A logo of Russian state oil firm Rosneft is seen at its office in St. Petersburg
Rosneft, Russia's state-controlled energy firm, is one step closer to becoming the world's biggest oil company after reaching a $55bn deal with BP and a group of investors.
BP and a consortium of Russian investors known as AAR, will each sell their 50 percent in a joint venture known as TNK-BP to Rosneft in parallel deals reached with the Kremlin-controlled group. BP will receive a 19.75 percent stake in Rosneft and an undisclosed amount of cash, thought to be between $10bn and $13bn, according to previous media reports. BP said it converted the $17.1bn TNK-BP sale price into a 12.8 percent Rosneft stake and used a further $4.88bn of the sale proceeds to purchase another 5.66 percent. BP also has a 1.25 percent stake in the group from its 2006 IPO.
"Rosneft is set to be a major player in the global oil industry," said BP Chairman Carl-Henric Svanberg in a statement. "This material holding in Rosneft will, we believe, give BP solid returns. We consider that this is a deal which will deliver both cash and long term value for BP and its shareholders. It provides us with a sustainable stake in Russia's energy future and is consistent with our Group strategy."
AAAR will get around $28bn in cash, according to a statement released by Rosneft and later confirmed by the investor group.
"This deal provides a clear and transparent exit path for the AAR shareholders at a fair market price that reflects the extraordinary achievements of TNK-BP over the past decade," said AAR CEO Stan Polovets.

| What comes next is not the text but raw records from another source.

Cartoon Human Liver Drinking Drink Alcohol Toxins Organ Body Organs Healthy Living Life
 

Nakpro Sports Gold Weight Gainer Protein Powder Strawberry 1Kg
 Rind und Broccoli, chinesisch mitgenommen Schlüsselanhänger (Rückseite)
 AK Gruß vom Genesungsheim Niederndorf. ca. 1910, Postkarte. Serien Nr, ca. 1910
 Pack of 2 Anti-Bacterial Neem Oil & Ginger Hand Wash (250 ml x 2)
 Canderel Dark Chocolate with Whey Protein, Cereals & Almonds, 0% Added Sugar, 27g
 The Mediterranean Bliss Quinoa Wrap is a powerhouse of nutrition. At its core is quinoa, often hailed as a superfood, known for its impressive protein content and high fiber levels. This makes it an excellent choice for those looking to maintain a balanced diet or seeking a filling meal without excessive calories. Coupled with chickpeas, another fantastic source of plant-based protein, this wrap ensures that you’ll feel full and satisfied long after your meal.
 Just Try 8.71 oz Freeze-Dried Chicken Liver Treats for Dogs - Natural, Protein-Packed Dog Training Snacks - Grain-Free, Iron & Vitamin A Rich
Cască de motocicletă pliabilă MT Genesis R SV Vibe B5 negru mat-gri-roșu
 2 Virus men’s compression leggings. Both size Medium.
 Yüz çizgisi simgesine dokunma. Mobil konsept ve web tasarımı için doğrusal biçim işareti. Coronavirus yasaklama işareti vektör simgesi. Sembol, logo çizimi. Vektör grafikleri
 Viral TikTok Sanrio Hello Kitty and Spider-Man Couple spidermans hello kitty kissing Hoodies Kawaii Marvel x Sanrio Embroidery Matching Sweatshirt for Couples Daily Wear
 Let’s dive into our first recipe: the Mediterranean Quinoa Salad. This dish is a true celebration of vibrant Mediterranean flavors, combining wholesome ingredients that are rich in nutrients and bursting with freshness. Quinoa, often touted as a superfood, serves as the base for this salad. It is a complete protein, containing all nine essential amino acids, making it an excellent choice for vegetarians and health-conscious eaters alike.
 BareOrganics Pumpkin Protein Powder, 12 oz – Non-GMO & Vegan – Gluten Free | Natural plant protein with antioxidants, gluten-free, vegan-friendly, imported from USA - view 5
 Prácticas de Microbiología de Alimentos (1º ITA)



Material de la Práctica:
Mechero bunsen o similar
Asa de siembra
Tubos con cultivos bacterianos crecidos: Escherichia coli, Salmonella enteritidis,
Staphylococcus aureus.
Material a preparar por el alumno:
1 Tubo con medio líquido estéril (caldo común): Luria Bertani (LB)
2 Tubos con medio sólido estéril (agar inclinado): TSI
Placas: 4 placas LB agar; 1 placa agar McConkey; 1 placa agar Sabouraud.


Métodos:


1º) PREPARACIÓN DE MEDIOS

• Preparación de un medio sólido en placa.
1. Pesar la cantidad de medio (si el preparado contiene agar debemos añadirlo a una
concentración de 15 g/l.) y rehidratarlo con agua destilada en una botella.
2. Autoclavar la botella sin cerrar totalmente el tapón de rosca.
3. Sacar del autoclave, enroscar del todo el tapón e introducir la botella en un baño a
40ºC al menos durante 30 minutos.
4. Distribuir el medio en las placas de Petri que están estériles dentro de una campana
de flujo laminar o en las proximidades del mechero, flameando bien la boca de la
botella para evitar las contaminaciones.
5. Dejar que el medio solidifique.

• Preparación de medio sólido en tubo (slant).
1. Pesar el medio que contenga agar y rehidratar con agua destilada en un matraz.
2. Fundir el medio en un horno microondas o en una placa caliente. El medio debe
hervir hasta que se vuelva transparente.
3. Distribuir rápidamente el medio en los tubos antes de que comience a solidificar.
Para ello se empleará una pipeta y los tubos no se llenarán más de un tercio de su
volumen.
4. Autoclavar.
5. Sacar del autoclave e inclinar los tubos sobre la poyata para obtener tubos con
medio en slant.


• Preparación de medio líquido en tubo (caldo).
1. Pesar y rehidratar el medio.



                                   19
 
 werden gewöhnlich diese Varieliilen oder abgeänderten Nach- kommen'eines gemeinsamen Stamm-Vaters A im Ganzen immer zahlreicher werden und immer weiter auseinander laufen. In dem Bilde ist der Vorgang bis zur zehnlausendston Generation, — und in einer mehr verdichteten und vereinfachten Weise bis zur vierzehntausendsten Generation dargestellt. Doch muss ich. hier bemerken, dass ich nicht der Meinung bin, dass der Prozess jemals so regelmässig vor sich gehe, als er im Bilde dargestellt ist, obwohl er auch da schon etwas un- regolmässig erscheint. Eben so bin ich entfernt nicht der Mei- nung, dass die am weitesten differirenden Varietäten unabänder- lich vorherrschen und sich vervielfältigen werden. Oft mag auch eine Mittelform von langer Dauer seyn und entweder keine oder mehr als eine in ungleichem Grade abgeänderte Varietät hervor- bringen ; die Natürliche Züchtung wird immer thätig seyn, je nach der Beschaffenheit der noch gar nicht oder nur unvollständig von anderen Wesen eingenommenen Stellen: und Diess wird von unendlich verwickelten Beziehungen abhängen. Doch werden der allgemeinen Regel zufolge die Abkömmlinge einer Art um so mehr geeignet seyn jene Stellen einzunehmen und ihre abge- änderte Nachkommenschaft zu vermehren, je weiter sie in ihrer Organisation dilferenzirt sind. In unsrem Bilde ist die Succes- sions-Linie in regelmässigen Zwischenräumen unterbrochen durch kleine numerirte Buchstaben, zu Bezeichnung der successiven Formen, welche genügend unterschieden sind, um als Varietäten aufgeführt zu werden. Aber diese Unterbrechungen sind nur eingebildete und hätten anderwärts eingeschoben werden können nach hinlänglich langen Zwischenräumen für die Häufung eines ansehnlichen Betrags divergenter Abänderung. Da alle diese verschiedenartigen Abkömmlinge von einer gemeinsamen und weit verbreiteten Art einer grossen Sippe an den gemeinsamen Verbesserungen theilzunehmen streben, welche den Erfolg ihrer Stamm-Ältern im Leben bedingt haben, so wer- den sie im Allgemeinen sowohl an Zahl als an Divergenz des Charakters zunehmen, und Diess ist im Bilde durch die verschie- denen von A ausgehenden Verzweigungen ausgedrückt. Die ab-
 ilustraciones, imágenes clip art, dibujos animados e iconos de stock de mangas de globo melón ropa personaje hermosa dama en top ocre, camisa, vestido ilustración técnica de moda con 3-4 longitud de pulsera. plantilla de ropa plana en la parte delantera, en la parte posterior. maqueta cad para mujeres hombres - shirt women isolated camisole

The $55bn value makes it the second largest transaction in oil industry history - behind the $80bn takeover of Mobil by Exxon in 1999 - and the biggest ever by a Russian company. Once the transaction closes, Rosneft will control around 40 percent of Russia's crude output and match the annual production of Exxon Mobil.
BP shares fell 1.8 percent in London trading to change hands at 442.2 pence each. Rosneft shares jumped 2.5 percent to 219.57 in Moscow.